_Records for the exercise:_
'''

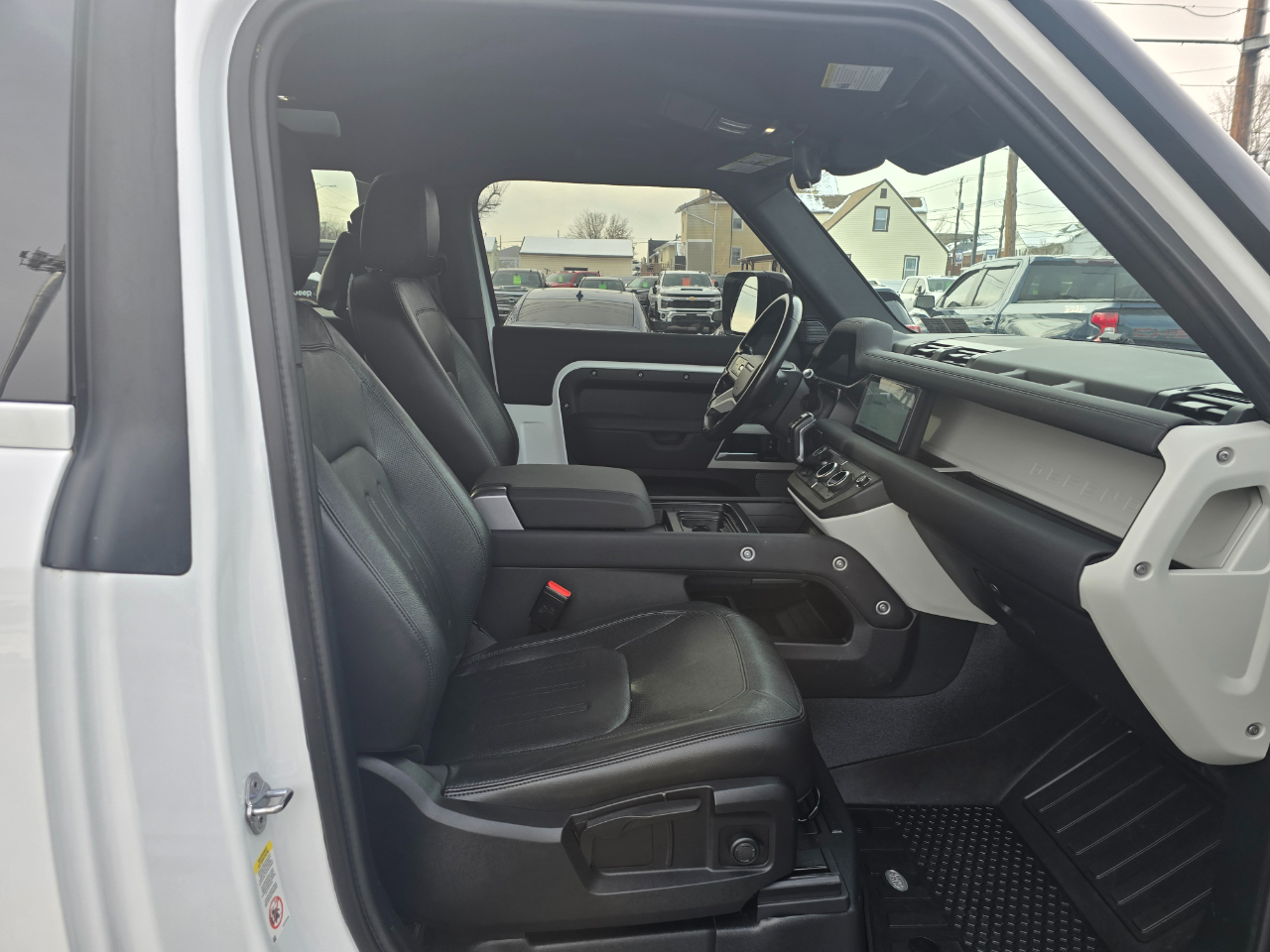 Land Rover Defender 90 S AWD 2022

'''
'''

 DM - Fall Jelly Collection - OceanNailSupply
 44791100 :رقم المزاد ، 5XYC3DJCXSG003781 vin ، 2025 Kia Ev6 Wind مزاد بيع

'''
'''

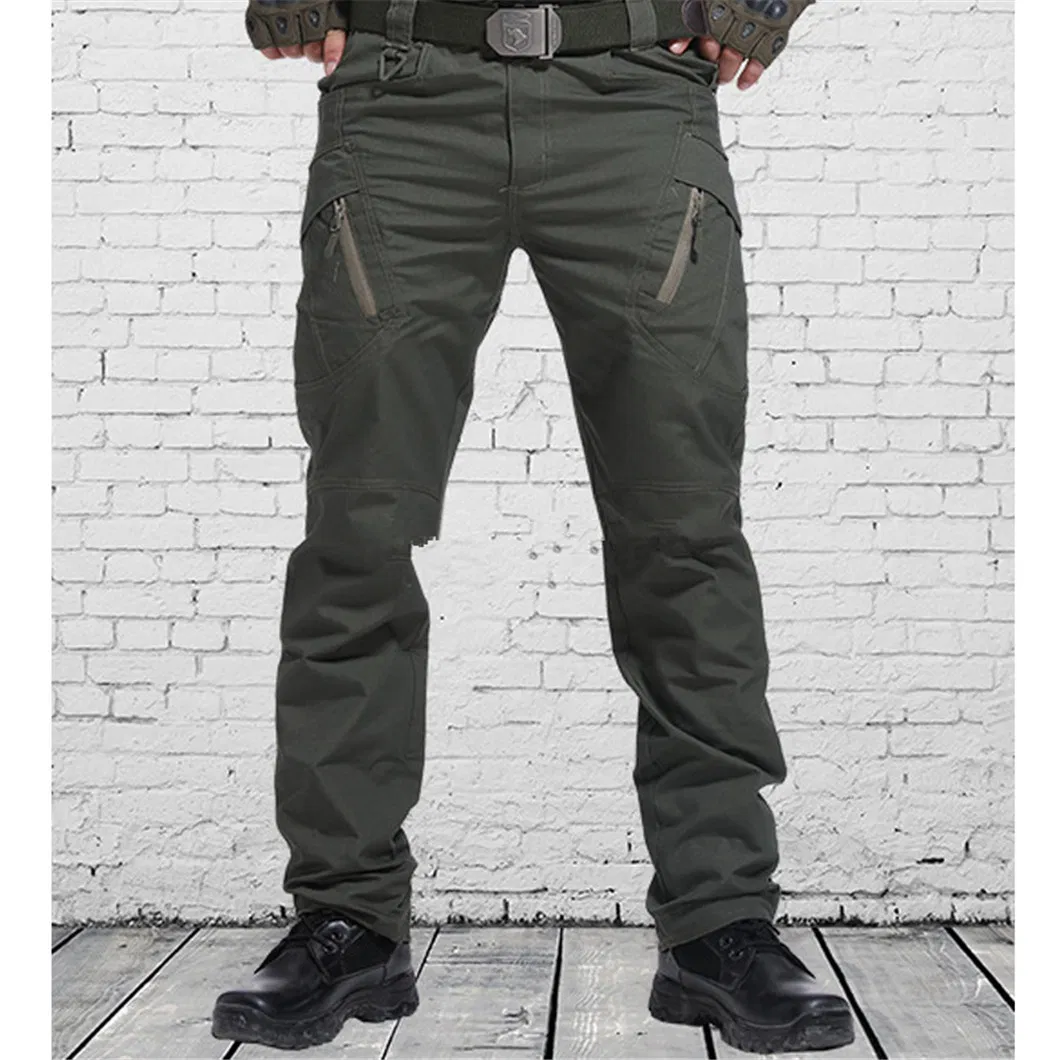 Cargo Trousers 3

'''

_Try it:_ All lines above from the one holding "DM - Fall Jelly Collection - OceanNailSupply" to the one holding "44791100 :رقم المزاد", inclusive, are to be copied exactly; no other line is wanted.

_Solution below:_
 DM - Fall Jelly Collection - OceanNailSupply
 44791100 :رقم المزاد ، 5XYC3DJCXSG003781 vin ، 2025 Kia Ev6 Wind مزاد بيع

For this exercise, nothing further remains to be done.